RFR: 8349637: Integer.numberOfLeadingZeros outputs incorrectly in certain cases

Wed Feb 12 09:11:15 UTC 2025

On Wed, 12 Feb 2025 05:47:52 GMT, Jasmine Karthikeyan <jkarthikeyan at openjdk.org> wrote:

> Hi all,
> This is a fix for a miscompile in the AVX2 implementation of `CountLeadingZerosV` for int types. Currently, the implementation turns ints into floats, in order to calculating the leading zeros based on the exponent part of the float. Unfortunately, floats can only accurately represent integers up to 2^24. After that, multiple integer values can map onto the same floating point value. The issue manifests when an int is converted to a floating point representation that is higher than it, crossing a bit boundary. As an example, `(float)0x01FFFFFF == (float)0x02000000`, but `lzcnt(0x01FFFFFF) == 7` and `lzcnt(0x02000000) == 6`. The values are incorrectly rounded up.
> 
> This patch fixes the issue by masking the input in the cases where it is larger than 2^24, to set the low bits to 0. Removing these bits prevents the accidental rounding behavior. I've added these cases to`TestNumberOfContinuousZeros`, and removed the set random seed so that it can produce random inputs to test with.
> 
> Reviews would be appreciated!

src/hotspot/cpu/x86/c2_MacroAssembler_x86.cpp line 6238:

> 6236: 
> 6237:   // As 2^24 is the largest possible integer that can be exactly represented by a float value, special handling has to be
> 6238:   // done to avoid losing precision by potentially rounding up. To avoid that, we construct a mask to remove low set bits

IEEE single precision floating point format has a fixed precision of 24 bits, to accommodate a higher precision number exponent is incremented accordingly, even though this leads to a precision loss, but grants a larger dynamic range to a floating point number in comparison to a fixed point integral format.

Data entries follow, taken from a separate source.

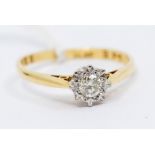 A diamond and 18ct gold solitaire ring, the diamond approx. 0.15ct, illusion set, size L, total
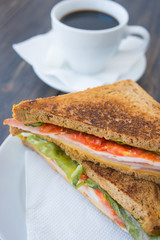 Toasted sandwiches with ham and a cup of black espresso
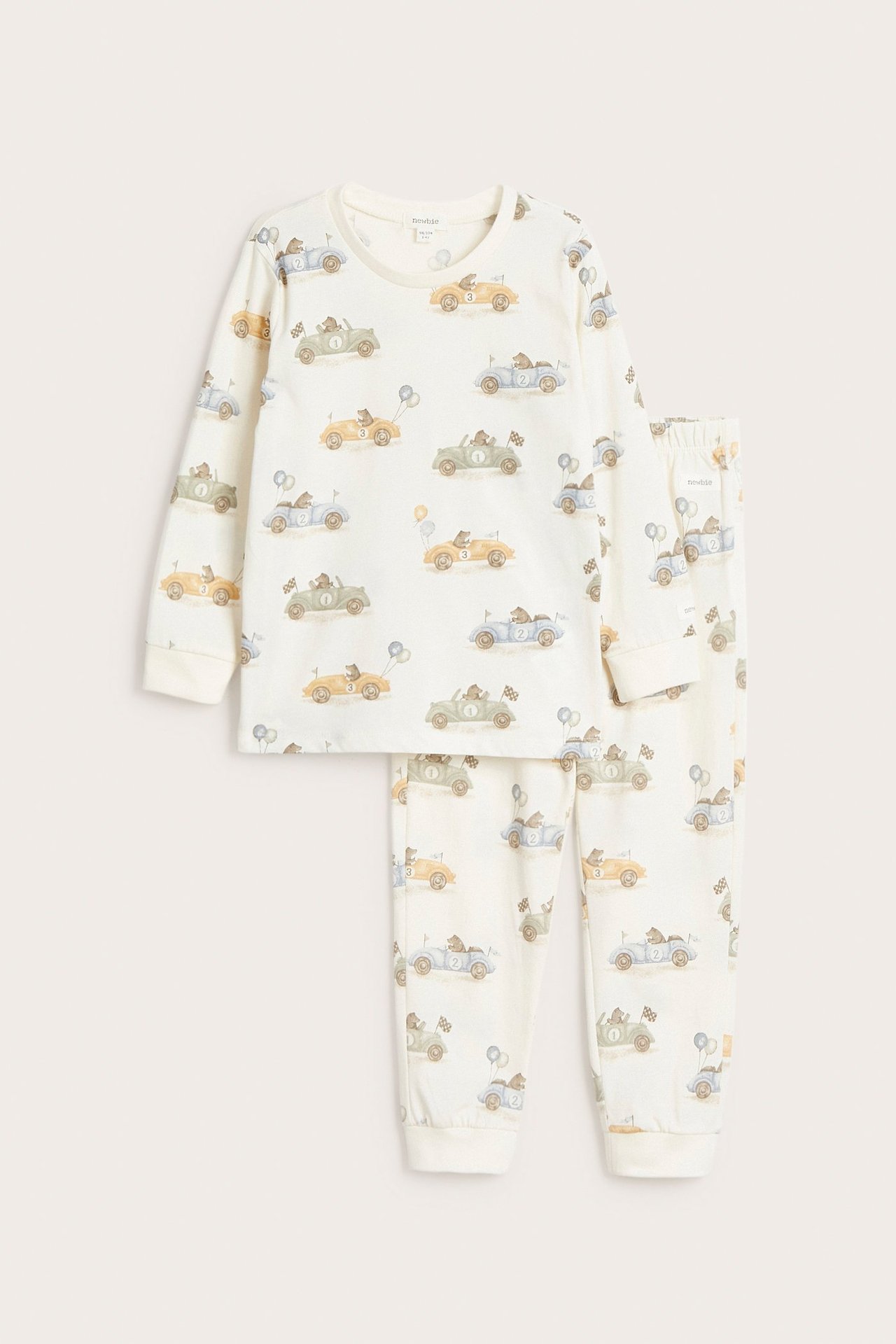 Edestä: Luonnonvalkoinen kaksiosainen lasten puuvillapyjama, jossa on kauttaaltaan karhu- ja autoaiheinen kuvio.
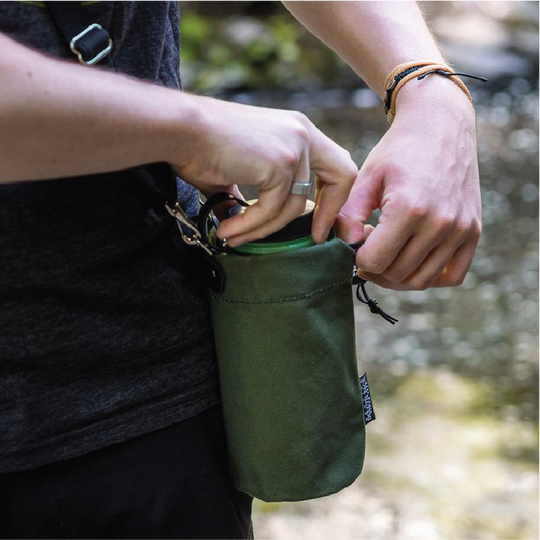 Man putting water bottle into Water Bottle Holder that he is wearing on his hip in the woods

src/hotspot/cpu/x86/c2_MacroAssembler_x86.cpp line 6241:

> 6239:   // when the number has the upper 8 bits set. This is a valid transformation as it only removes low bits, and keeps the high bits intact.
> 6240:   vpxor(xtmp2, xtmp2, xtmp2, vec_enc);
> 6241:   vpsrld(xtmp2, src, 24, vec_enc);

There is an output dependency here since both instructions have same destination operand. I agree with @merykitty suggestion to chop off lower 8 bits to neglect any side-effects in exponent on account of precision e.g.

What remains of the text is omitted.